When finally we read of whooping cranes reared by humans in costume, taught to migrate behind men in ultralights, and shoved away from food sources deemed insufficiently wild, the question can no longer be avoided: For whom do we do this? Probably not for the bird who has just been pepper-sprayed “to promote wildness.” Such efforts—“heroism in the Sisyphean sense”—seem to be made primarily for us, so we can write a bedtime story that contains man and animal intertwined, exchanging nobilities.
This book is dense with both thought and fact, but no one will mistake it for an article in the journal Biodiversity.
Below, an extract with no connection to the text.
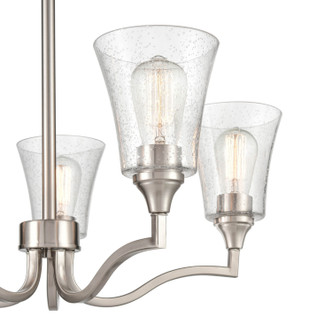 Caily Five Light Chandelier (2115-BN)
It is written with a vernacularly light touch, shot through with compassion and wit, not to mention open amazement, the only apt response to the story of our monumental hubris.
Zoom out and what you see is one species—us—struggling to keep all others in their appropriate places, or at least in the places we’ve sometimes arbitrarily decided they ought to stay. In some places we want cows but not bison, or mule deer but not coyotes, or cars but not elk. Or sheep but not elk. Or bighorn sheep but not aoudad sheep. Or else we’d like wolves and cows in the same place. Or natural gas tankers swimming harmoniously with whales. We are everywhere in the wilderness with white gloves on, directing traffic.
At the end of this rich feast of irony, let there be cake. Make a big wish, America. Then blow.